Economia & Impresa sociale 

Le 6 innovazioni che servono alla cooperazione sociale

L'intervento del presidente di Federsolidarietà: «Abbiamo l'occasione storica di dimostrare che le cooperative sociali hanno la capacità di conciliare la risposta al mutare delle esigenze e, allo stesso tempo, sostenere la risposta degli Stati sempre più in affanno sul piano delle risorse e del consenso sulle capacità di spesa per il welfare»

di Giuseppe Guerini

Le cooperative sociali di servizio, che operano nei paesi occidentali oggi hanno due grandi sfide da affrontare: il tema della non autosufficienza e quello dell'accoglienza e inclusione delle persone migranti.
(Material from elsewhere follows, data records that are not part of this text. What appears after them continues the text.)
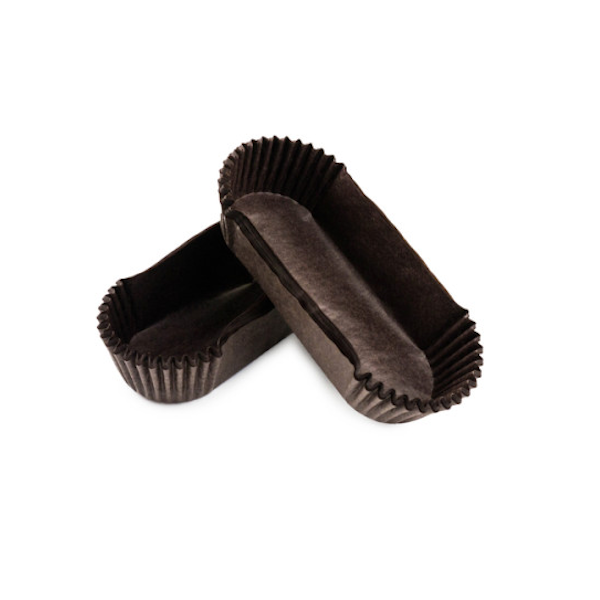 Форма бумажная эклер Коричневая 4*10,5*2,5см (25шт)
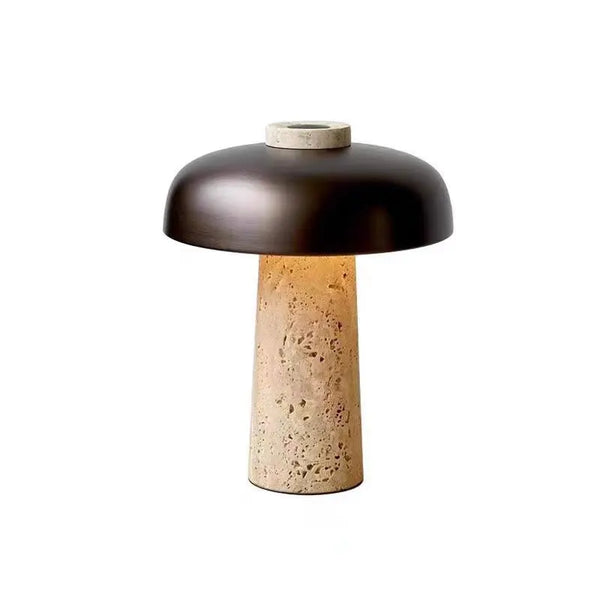 Natural Travertine Table Lamp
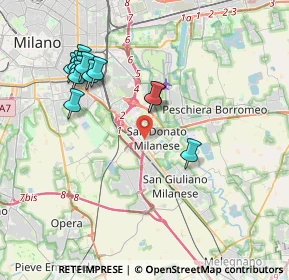 Mappa , 20097 San Donato Milanese MI, Italia (3.96231)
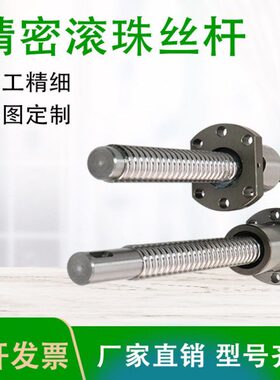 加工滚珠丝杆SFU 1204 1610 2005 2505 4010 SFI精密丝杠螺母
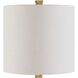 Midas 35.25 inch 100 watt Antique Brass Buffet Lamp Portable Light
L'invecchiamento della popolazione, la forte crescita delle persone non autosufficienti e il disequilibrio demografico, accompagnati dalle trasformazioni del lavoro, ci pongo davanti alla enorme esigenza di soddisfare i nuovi e crescenti bisogni riuscendo a trovare forme e modi per garantire un sistema socio sanitario economicamente sostenibile.

Questa sfida è anche una grande opportunità per le cooperative per fare innovazione e sopratutto innovazione sociale. In un certo senso abbiamo la possibilità di dimostrare che le cooperative sociali hanno la capacità di conciliare la risposta al mutare delle esigenze e, allo stesso tempo, sostenere la risposta degli Stati sempre più in affanno sul piano delle risorse e del consenso sulle capacità di spesa per il welfare.
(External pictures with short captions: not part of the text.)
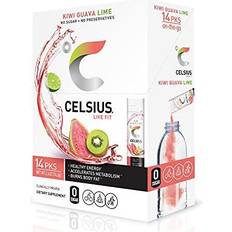 Celsius Vitaminer & Kosttillskott Celsius On-the-Go Powder Stick Packets Kiwi Guava Lime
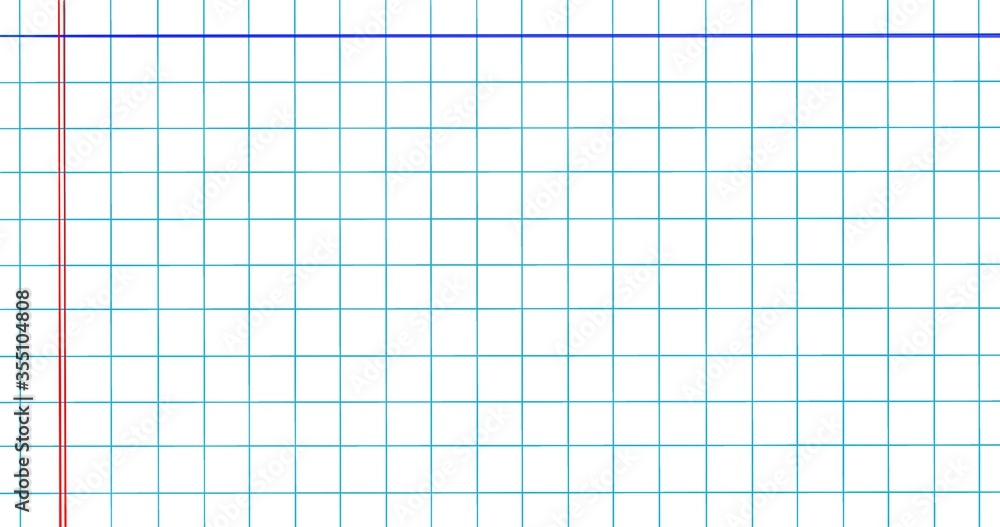 Panorama financial business education grid paper note concept background. Panorama financial business education grid paper note concept background.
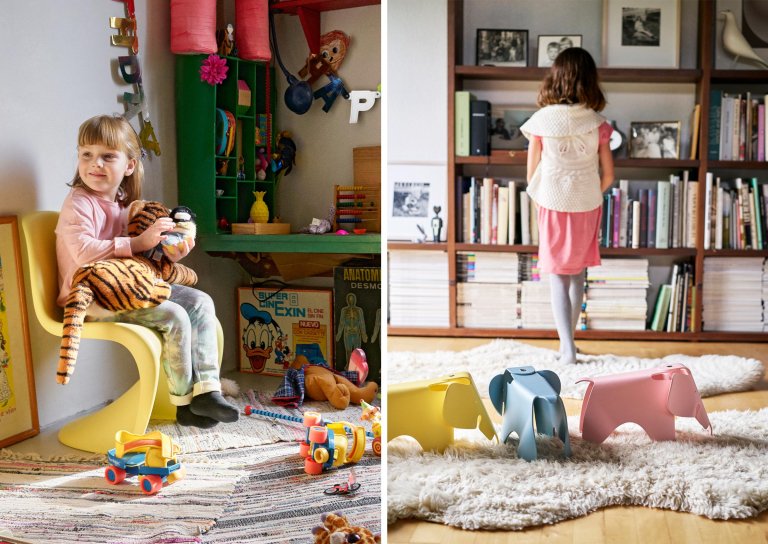 Vitra Panton Junior kinderstoel wit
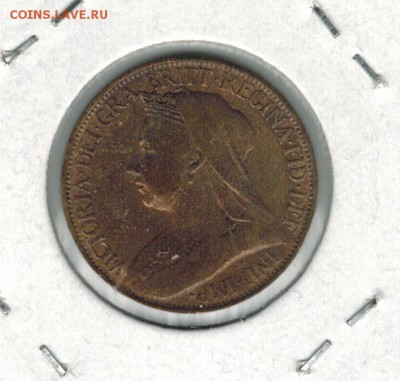 Великобритания 1 фартинг 1897 до 26.10.15    22-00 - 01 21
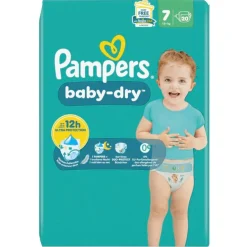 Clearance Pampers Baby-Dry Maat 7 Luiers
Occorre chiamarsi fuori dalla logica in cui i governi locali e le amministrazioni municipali, identificano bisogno e poi affidano alle cooperative le gestioni in una mera logica di erogazione di prestazioni standardizzate

Di fronte a queste sfide le cooperative devono agire su almeno sei livelli di innovazione:

  • Condividere con i beneficiari dei servizi, sempre maggiori responsabilità e aumentando i livelli di partecipazione e condivisione in cooperative che devono essere sempre più capaci di aggregare diversi portatori di interesse.
  • Promuovere collaborazioni con organizzazioni espressione delle comunità locali: volontari, associazioni , fondazioni e imprese;
  • Innovare le forme di regolazione e di gestione dei contratti con le pubbliche amministrazioni e in particolare con le autorità locali.
  • Ricercare fonti e risorse finanziarie differenziate per i servizi, spingendo molto sul metodo cooperativo e con una forte rivalutazione del modello mutualistico.
  • Lavorare molto sull' integrazione tra servizi sanitari e forme di assistenza sociale.
  • Introdurre nelle cooperative che fanno servizi di welfare le nuove tecnologie, perché non c'é solo solo l'industria 4.0 ma serve promuovere anche un welfare 4.0.
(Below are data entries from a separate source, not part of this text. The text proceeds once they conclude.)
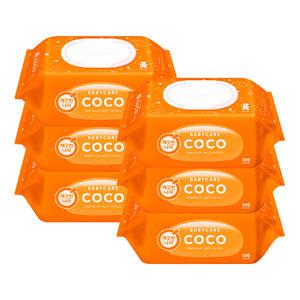 깨끗한나라 베이비케어 코코 물티슈 캡형 100매 6팩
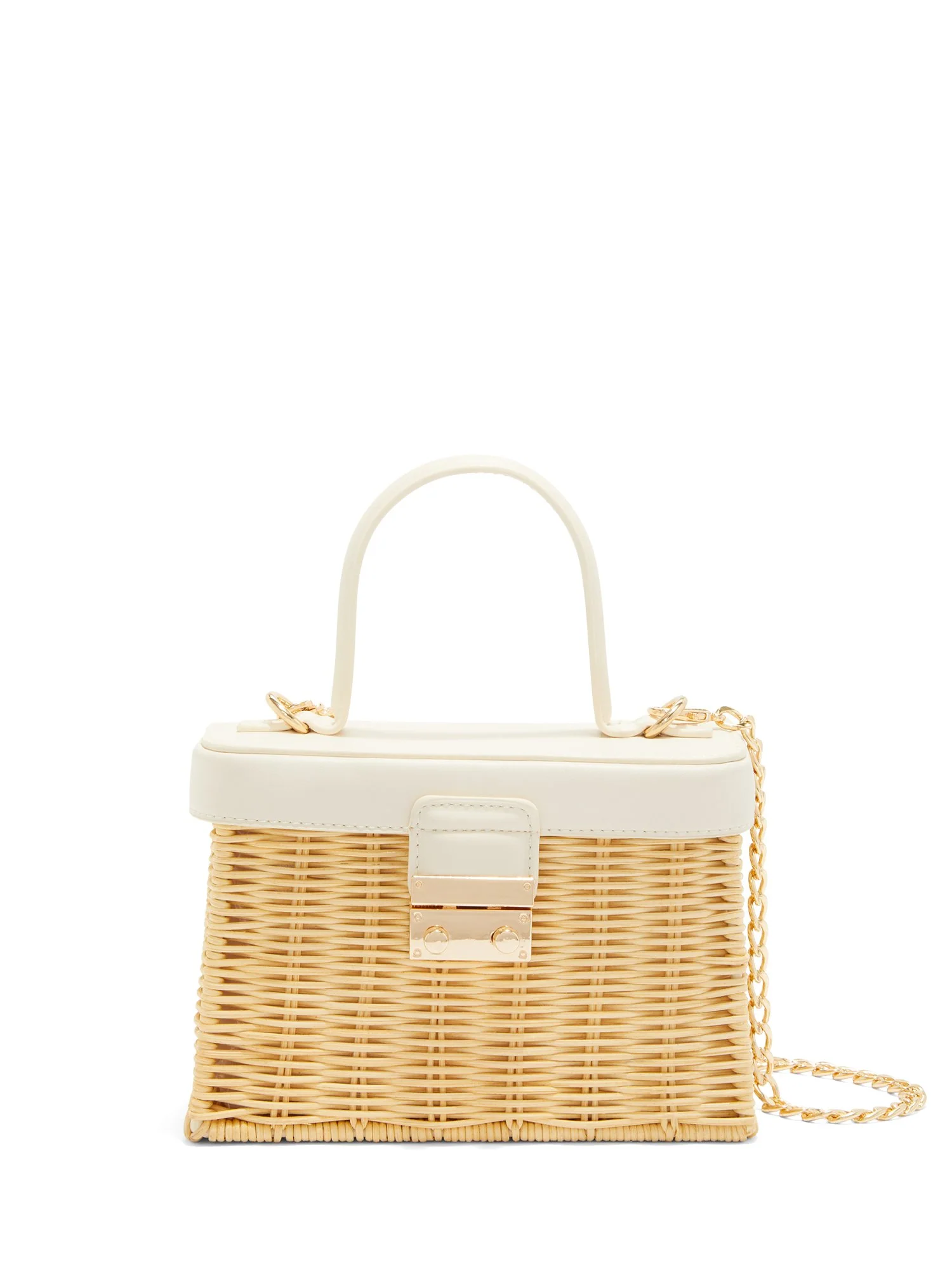 Wicker Turnlock Top-Handle Bag - Image 7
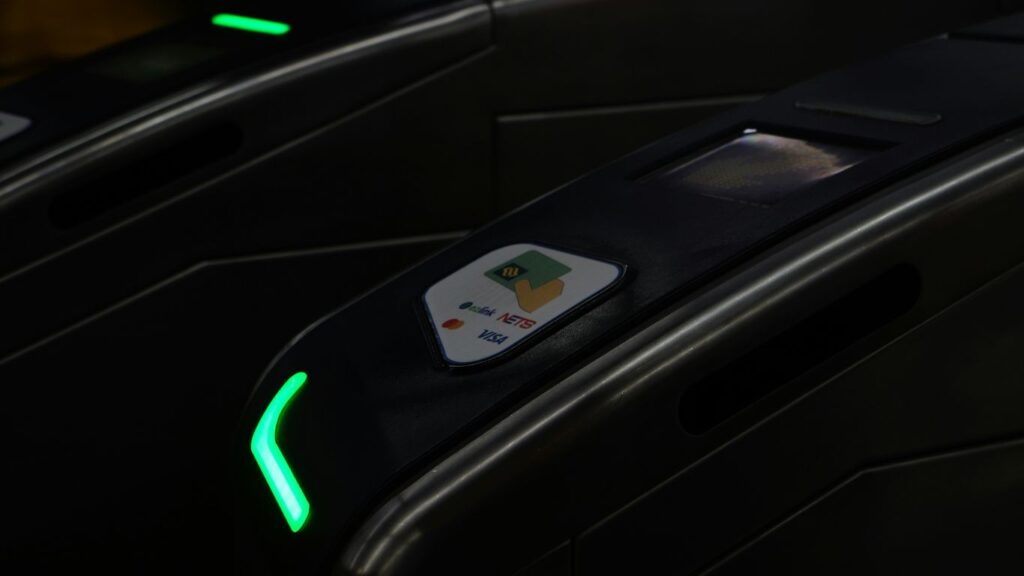 a close up of a black electronic device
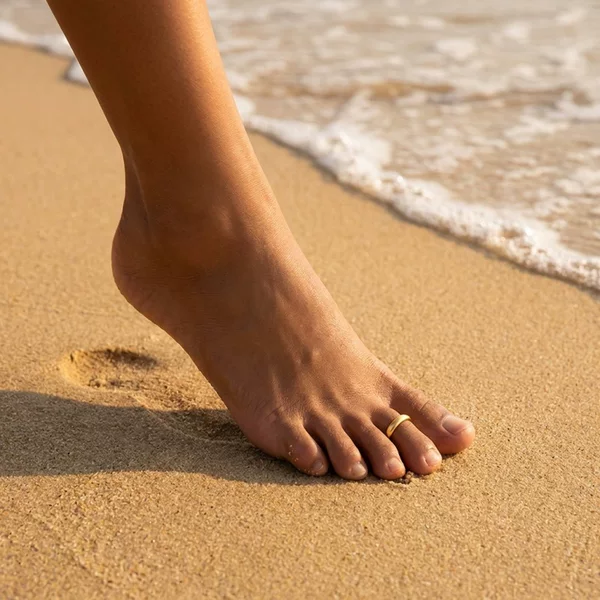 Cross-Border Hot-Selling Summer Beach Foot Rings for Women, Toe Rings, Personalized Hollow Heart-Shaped Sexy Foot Joint Rings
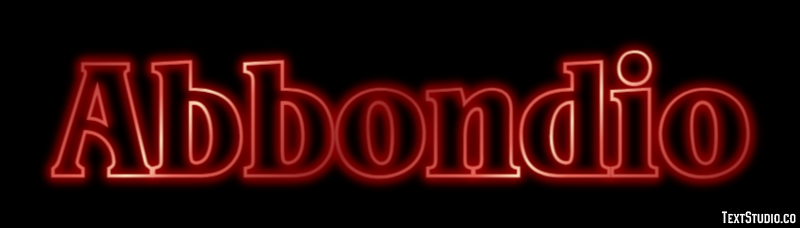 Abbondio Text effect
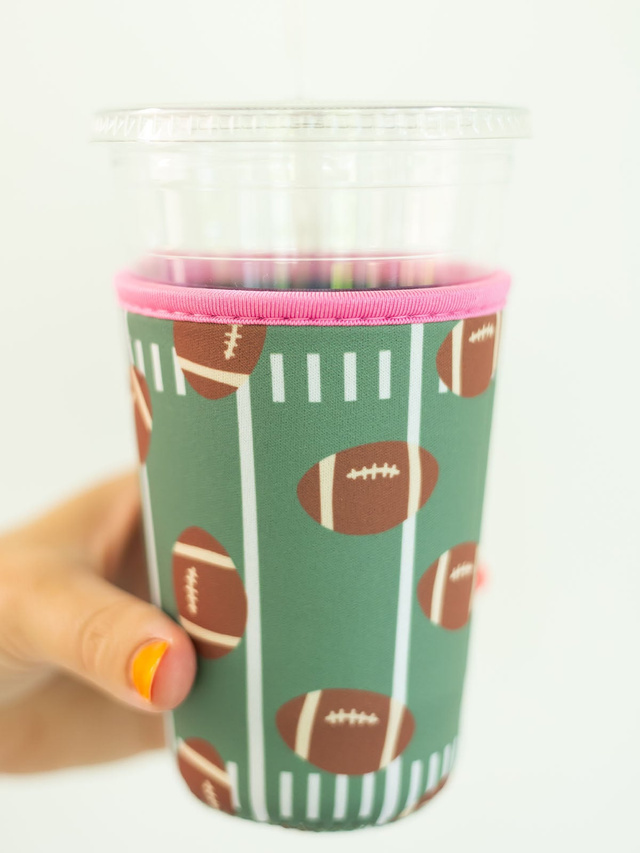 Touchdown Season Football Drink Sleeve, 1 of 5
Attraverso queste innovazioni possiamo essere più capaci e credibili nel proporre l'uscita della logica in cui i governi locali e le amministrazioni municipali, identificano bisogno e poi affidano alle cooperative le gestioni in una mera logica di erogazione di prestazioni standardizzate. Occorre invece agire con lo strumento cooperativo per raggiungere una prospettiva in cui tra governi locali e cooperative si sviluppi una logica di programmazione comunitaria .

Questo non significa agire al di fuori delle regole o superare le "gare a evidenza pubblica" , ma attivare nuove procedure capaci di valorizzare la dimensione relazionale e mutualista che è insita in ogni relazione di cura e quindi in ogni servizio di welfare. La dimensione relazionale del lavoro di cura tuttavia non è un indicatore che si può misurare con la logica della concorrenza, anche perché la concorrenza non è necessariamente sinonimo di trasparenza e imparzialità.

Queste forme di regolazione delle relazioni pubblico privato, là dove sono state attuate, hanno permesso di realizzare servizi che da processi di cura standardizzati sono evoluti verso forme più personalizzate sperimentando interventi come i "custodi sociali" e gli infermieri di comunità.